Mais la lecture de Triplex Nomine m'a encouragée et remis le pied à l'étrier, j'ai maintenant comme une fringale de poèmes castillans, surtout, et en particulier de ceux de Vicente Aleixandre, poète espagnol surréaliste né à Seville et ayant commencé à publier au milieu des années 1920.
Je viens de voir que Triplex a mis en ligne un poème de Lorca, il est traduit du castillan, celui que j'ai recopié est d' Aleixandre mais il n'est pas ici traduit car je ne possède pas encore de traduction de cet auteur et je ne me sens pas capable de tenter le coup. Alors ceux qui ont juste des notions d'espagnol et qui savent comment il se prononce pourront tout de même apprécier la beauté du parler de Vicente Aleixandre, la chanson des mots et la beauté presque plastique de leur combinaison.
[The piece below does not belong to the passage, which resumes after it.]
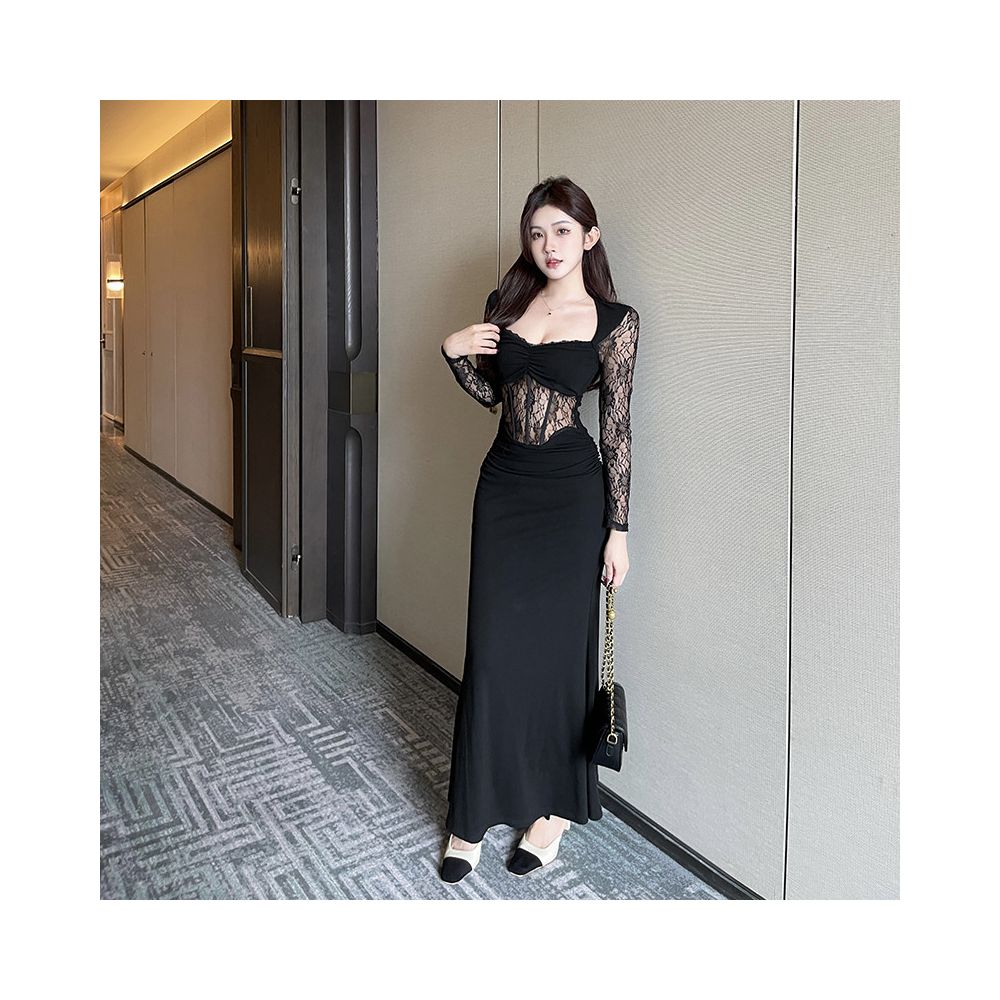 GirlsAt18 sexy black lace long sleeved dress women s French style dress long skirt slim fit fishtail skirt image 2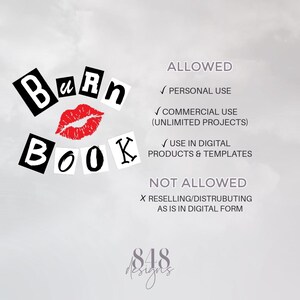 Może przedstawiać: Projekt graficzny z tekstem "Burn Book" w stylizowanej czcionce, z czerwonym odciskiem warg. Obraz zawiera r&oacute;wnież tekst wskazujący dozwolone i niedozwolone zastosowania.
Je ne sais pas comment trouver le point d'interrogation à l'envers qui se place au début des interrogations, comme pour nous avertir qu'il faut prendre un ton différent, alors j'ai simplement mis un point (?) tout bête...
Se querían
Se querían.
Sufrían por la luz, labios azules en la madrugada,
labios saliendo de la noche dura,
labios partidos, sangre, ? sangre dónde ?
Se querían en un lecho navío, mitad noche, mitad luz.
Se querían como las flores a las espinas hondas,
a esa amorosa gema del amarillo nuevo,
cuando los rostros giran melancólicamente,
giralunas que brillan recibiendo aquel beso.
Se querían de noche, cuando los perros hondos
laten bajo la tierra y los valles se estiran
como lomos arcaicos que se sienten repasados :
caricia, seda, mano, luna que llega y toca.
Se querían de amor entre la madrugada,
entre las duras piedras cerradas de la noche,
duras como los cuerpos helados por las horas,
duras como los besos de diente a diente sólo.
Se querían de día, playa que va creciendo,
ondas que por los pies acarician los muslos,
cuerpos que se levantan de la tierra y flotando
Se querían de día, sobre el mar, bajo el cielo.
Mediodía perfecto, se querían tan íntimos,
mar altísimo y joven, intimidad extensa,
soledad de lo vivo, horizontes remotos
ligados como cuerpos en soledad cantando.
Amando. Se querían como la luna lúcida,
como ese mar redondo que se aplica a ese rostro,
dulce eclipse de agua, mejilla oscurecida,
donde los peces rojos van y vienen sin música.
Día, noche, ponientes, madrugadas, espacios,
ondas nuevas, antiguas, fugitivas, perpetuas,
mar o tierra, navío, lecho, pluma, cristal,
metal, música, labio, silencio, vegetal,
mundo, quietud, su forma. Se querían, sabedlo.